The question is if the poor performers of 2010 can put some dollars in our pocket in 2011. Not all of last year’s duds will recover this year, but out of this top 10, here are my two stock picks from this list you may want in your portfolio this year.

Micron (MU) Technical Stock

A technical stock with some interesting technical indicators. Micron has been battered this year, mainly after their May 2010 acquisition of Numonyx Holdings, but now may be a stock to consider buying at these levels.

Looking at the chart daily chart for 2010, you will see the triangle or wedge pattern consolidating into the year-end. This formation generally leads to a big move either up or down. In this case, the move was higher, and there are two specific reasons why MU could continue climbing. MU not only broke the wedge to the upside (which is bullish), but cleared its 50 and 200 day exponential moving averages. This adds strength to the bull case. Secondly, note the fresh upward cross in the stochastic, which was in the oversold area early last week. This also indicates a start of a bullish trend. Many traders use the 200-day moving average as an indicator of trend; if the stock were above it, you would maintain your long position, if it drops below, sell.

The stock breaking above that large moving average is a good sign and it’s doing so without being in an overbought condition, which leads me to believe some real sturdy support may be here for the stock around the $8.25 and $8.00 level (the 200 day EMA).

Fundamentally, the stock is extremely cheap, trading at 4 times its trailing earnings. The consensus of analysts that follow MU have rate it as a buy, although Citigroup downgraded its earnings estimates last week when the stock was at $7.75 (nice job guys).

2010 was certainly a tough year for their earnings, but I believe that they will get costs under control and continue to grow their sales in the niche market of memory in its many different forms and applications.

Micron Technology Inc. Chart
View larger chart

(By the way, investing doesn’t have to be complicated. Sign up for Smart Investing Daily and let me and my fellow editor Jared Levy simplify the market with our easy-to-understand articles.)

Weyerhaeuser (WY) Homebuilding Products

The number one worst selloff on the list may be a good place to “house” some of your investment dollars in 2011. What the International Business Times and Barron’s didn’t disclose in their headlines about Weyerhaeuser was the one time special dividend of stock and cash that caused the stock to drop by the amount of the dividend, so in reality WY didn’t do that bad at all.

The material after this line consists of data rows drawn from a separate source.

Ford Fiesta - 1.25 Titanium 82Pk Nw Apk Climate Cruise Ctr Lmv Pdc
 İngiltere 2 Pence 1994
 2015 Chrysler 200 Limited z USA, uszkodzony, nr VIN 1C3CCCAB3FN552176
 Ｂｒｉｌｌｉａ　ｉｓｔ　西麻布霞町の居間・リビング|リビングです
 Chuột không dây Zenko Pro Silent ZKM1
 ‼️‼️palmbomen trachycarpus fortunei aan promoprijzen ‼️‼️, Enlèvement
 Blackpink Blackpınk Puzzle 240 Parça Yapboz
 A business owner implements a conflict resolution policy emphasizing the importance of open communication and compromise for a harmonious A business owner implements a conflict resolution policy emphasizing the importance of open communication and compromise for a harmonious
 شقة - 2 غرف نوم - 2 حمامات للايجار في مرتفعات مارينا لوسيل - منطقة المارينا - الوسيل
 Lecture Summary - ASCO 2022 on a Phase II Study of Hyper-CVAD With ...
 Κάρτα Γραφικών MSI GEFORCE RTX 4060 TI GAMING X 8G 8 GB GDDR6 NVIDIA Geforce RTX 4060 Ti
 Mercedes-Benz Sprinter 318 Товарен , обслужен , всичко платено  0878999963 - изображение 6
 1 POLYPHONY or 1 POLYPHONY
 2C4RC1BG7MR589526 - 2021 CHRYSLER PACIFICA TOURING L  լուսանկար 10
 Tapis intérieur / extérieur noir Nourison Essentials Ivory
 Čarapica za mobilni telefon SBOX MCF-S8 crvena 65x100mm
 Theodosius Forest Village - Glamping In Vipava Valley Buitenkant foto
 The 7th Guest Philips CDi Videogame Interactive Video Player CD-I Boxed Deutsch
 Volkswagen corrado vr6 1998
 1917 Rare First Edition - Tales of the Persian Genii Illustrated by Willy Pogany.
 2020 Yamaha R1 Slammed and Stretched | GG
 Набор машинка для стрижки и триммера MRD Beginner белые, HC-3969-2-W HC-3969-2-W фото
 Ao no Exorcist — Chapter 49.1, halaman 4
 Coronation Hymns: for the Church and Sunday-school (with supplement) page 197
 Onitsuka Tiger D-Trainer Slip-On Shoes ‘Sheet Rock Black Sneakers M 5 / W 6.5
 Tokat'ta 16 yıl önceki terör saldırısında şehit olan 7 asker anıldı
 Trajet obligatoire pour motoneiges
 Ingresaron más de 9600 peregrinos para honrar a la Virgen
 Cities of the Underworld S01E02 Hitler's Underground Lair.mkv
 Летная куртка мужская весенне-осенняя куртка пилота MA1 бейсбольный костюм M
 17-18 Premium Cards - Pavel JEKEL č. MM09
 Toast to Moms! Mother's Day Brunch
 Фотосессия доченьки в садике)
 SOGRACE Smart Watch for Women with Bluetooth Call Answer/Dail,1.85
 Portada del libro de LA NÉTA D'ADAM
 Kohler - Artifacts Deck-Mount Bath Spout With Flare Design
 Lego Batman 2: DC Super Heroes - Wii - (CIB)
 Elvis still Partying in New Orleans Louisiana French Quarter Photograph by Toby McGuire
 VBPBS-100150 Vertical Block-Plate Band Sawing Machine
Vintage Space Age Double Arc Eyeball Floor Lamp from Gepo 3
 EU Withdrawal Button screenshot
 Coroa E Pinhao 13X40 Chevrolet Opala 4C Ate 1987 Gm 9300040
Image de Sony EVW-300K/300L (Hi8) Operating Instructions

Weyerhaeuser manages over 22 million acres (owns 6.6 million acres) of forest and has recently morphed into a REIT structure. What this means for you as a potential investor is favorable tax treatment and the potential for increased dividend payouts.

The simple way to think about this is that most companies pay taxes on what they earn, and then when they distribute dividends, you (the investor) have to pay taxes on those dividends. In a REIT format, the company distributes 90% of its earnings to the shareholders and drastically reduces the net tax implications for both them and potential investors (they do not have to pay taxes on the distributions).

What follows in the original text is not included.